Mas não se engane. É óbvio que existe uma conexão entre a linguagem e o pensamento. A questão mais profunda é: línguas que possuem vocabulário mais extenso para as cores permitem aos seus falantes uma percepção diferente da realidade? Ninguém até hoje conseguiu mostrar que sim.

O que há, principalmente no léxico, são diferentes recortes da realidade, por assim dizer. A lenda de que o inuíte (a língua dos esquimós ou inuítes) teria uma centena de palavras para o que chamamos simplesmente de neve faz parte desse imaginário. Não é difícil perceber a necessidade que um esquimó possui de nomear diferentes tipos de neve.

Um belo resumo desse imbróglio pode ser lido nesse breve texto disponível na página da Linguistic Society of America: https://www.linguisticsociety.org/sites/default/files/Does_Language_Influence.pdf

Recentemente esse debate voltou à pauta por conta do filme A Chegada.
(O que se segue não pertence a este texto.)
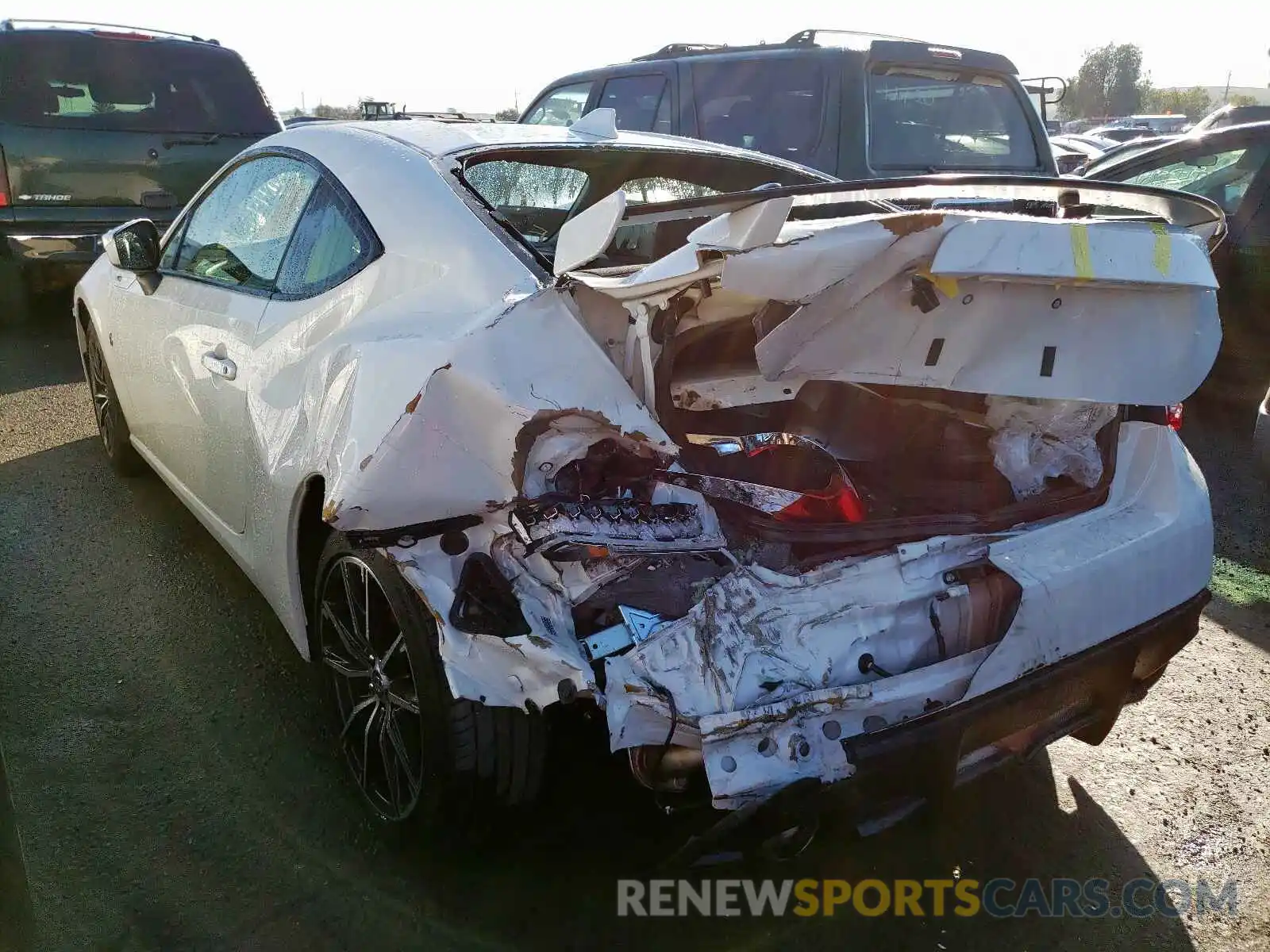 3 Photograph of a damaged car JF1ZNAE14K8704163 TOYOTA 86 GT 2019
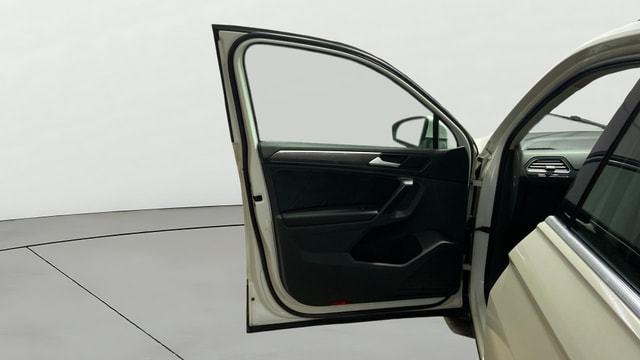 View Volkswagen Tiguan Image 32 Used Volkswagen Tiguan Image 32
A personagem principal é uma linguista que ajuda a estabelecer diálogo com os alienígenas. E parece que no processo de aprender a língua deles ela ganha uma habilidade especial. É o relativismo levado ao seu extremo: aprender uma língua diferente me permite ter uma nova visão sobre a realidade.

https://epoca.globo.com/cultura/noticia/2016/12/o-filme-chegada-mostra-como-linguagem-influencia-nossos-pensamentos.html

 

Por que (ainda) estão falando sobre o acordo ortográfico?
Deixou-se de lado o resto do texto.